Short web captions:
────────────────────────────────────────
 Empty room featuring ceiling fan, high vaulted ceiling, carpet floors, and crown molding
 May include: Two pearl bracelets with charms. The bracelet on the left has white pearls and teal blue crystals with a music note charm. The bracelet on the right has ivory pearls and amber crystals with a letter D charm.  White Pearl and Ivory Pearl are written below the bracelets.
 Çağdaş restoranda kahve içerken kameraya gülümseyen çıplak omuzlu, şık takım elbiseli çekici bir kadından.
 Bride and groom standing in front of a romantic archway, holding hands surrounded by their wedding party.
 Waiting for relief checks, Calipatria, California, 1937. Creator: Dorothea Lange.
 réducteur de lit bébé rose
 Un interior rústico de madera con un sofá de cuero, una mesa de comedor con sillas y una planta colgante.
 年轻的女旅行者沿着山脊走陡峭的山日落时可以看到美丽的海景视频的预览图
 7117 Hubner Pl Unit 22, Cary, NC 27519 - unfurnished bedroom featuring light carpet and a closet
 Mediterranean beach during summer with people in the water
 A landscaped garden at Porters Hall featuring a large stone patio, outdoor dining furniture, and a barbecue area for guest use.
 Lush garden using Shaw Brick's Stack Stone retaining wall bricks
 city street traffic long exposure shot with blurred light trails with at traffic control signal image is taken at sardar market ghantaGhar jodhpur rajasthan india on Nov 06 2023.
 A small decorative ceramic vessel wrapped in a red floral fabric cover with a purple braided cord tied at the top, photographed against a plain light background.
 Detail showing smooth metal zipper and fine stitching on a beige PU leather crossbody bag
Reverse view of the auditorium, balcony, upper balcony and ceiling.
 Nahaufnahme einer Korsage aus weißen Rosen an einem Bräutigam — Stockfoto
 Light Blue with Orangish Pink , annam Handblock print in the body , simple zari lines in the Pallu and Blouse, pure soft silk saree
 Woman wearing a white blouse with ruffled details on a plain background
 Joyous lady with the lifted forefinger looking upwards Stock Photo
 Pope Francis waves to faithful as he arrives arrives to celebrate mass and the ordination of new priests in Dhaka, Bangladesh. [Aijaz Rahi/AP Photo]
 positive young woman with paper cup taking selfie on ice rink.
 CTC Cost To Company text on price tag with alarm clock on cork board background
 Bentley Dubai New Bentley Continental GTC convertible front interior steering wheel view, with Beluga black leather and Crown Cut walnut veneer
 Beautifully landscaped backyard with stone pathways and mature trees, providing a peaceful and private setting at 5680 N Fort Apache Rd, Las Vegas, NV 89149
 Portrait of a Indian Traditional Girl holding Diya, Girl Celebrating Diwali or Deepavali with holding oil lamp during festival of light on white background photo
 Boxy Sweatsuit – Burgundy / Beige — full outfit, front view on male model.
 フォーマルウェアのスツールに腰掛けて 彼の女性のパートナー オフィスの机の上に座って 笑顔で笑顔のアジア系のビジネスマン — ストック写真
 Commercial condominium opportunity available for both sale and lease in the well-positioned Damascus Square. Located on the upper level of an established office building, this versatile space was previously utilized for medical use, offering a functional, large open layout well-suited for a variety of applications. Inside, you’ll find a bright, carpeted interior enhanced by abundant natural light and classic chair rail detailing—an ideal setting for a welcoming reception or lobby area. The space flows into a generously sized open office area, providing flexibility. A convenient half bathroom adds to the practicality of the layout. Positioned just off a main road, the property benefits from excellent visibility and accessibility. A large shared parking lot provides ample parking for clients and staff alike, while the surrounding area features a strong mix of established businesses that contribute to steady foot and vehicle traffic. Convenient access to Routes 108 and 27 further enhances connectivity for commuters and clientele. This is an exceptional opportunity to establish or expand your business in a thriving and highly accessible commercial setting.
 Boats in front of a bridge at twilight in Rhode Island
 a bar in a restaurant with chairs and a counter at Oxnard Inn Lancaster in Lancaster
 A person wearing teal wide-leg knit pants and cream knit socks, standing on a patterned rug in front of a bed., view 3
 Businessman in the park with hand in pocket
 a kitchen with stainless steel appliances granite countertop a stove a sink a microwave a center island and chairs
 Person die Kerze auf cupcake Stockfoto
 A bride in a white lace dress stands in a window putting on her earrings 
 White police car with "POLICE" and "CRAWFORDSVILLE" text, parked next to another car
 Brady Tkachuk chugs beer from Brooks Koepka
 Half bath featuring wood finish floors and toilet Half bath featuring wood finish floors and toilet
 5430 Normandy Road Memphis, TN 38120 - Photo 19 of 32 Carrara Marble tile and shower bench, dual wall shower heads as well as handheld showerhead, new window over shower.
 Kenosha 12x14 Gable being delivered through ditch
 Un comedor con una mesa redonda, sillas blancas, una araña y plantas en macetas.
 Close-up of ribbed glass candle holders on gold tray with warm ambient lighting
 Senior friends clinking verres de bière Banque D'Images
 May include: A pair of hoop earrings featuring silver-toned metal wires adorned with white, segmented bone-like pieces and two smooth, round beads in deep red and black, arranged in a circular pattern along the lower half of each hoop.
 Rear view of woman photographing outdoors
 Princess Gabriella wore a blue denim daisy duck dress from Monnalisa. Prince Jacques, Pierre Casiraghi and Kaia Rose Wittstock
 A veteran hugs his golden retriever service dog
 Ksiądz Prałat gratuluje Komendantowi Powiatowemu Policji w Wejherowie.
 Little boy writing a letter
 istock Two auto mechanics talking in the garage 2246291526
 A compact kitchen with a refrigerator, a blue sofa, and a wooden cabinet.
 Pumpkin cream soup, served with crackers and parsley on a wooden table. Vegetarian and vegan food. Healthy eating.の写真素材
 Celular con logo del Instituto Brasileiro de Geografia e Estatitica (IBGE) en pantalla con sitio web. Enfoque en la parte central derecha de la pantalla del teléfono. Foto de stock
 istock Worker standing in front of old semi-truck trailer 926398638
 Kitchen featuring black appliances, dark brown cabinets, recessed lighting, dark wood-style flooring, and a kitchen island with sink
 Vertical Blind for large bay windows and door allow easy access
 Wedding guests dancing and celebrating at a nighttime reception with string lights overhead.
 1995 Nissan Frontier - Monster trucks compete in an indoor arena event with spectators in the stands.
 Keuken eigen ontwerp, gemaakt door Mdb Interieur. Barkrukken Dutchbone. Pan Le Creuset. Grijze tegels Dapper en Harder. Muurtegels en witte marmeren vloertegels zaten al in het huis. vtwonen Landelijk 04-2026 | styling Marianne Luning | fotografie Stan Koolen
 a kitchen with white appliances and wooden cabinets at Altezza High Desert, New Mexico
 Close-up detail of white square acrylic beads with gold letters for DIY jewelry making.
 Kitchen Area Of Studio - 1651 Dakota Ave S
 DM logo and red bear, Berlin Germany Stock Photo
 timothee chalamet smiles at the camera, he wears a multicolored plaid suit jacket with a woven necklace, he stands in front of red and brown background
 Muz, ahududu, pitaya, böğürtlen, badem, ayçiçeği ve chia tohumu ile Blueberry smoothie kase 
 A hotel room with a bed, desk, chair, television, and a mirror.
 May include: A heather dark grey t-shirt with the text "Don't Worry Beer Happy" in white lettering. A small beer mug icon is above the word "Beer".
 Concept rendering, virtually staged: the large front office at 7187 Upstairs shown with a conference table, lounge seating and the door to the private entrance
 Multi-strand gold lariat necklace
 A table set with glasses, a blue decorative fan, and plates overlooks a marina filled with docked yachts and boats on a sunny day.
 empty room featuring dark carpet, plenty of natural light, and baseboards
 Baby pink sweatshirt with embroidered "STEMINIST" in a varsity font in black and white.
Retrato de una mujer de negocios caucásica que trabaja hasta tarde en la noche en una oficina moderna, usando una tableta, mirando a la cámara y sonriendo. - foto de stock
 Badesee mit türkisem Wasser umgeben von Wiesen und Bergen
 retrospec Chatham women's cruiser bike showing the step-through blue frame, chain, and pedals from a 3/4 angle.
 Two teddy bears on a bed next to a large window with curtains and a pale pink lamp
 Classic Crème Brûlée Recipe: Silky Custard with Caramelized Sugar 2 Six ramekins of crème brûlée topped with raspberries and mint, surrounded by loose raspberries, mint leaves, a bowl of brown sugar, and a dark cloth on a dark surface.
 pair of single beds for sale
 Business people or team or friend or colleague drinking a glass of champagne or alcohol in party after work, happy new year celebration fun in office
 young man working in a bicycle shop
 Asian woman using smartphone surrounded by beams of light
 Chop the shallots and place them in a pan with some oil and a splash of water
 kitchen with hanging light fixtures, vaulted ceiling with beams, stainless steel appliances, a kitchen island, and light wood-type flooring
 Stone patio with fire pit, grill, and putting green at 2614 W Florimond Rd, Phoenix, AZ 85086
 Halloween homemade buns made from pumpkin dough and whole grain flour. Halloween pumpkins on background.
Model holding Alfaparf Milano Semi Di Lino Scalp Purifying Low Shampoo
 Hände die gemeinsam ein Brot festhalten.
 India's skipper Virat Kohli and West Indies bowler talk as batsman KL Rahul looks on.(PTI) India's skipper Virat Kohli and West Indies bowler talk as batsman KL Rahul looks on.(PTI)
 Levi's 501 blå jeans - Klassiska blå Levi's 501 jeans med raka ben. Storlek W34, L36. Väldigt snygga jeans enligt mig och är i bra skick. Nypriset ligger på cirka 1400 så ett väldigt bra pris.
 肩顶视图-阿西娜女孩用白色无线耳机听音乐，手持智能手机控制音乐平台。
────────────────────────────────────────
EXERCISE DESCRIPTION:
Give back, exactly as written, the stretch from the line with "Brady Tkachuk chugs beer from Brooks Koepka" through the line with "Close-up of ribbed", and no other lines from the records above.

TASK ANSWER:
 Brady Tkachuk chugs beer from Brooks Koepka
 Half bath featuring wood finish floors and toilet Half bath featuring wood finish floors and toilet
 5430 Normandy Road Memphis, TN 38120 - Photo 19 of 32 Carrara Marble tile and shower bench, dual wall shower heads as well as handheld showerhead, new window over shower.
 Kenosha 12x14 Gable being delivered through ditch
 Un comedor con una mesa redonda, sillas blancas, una araña y plantas en macetas.
 Close-up of ribbed glass candle holders on gold tray with warm ambient lighting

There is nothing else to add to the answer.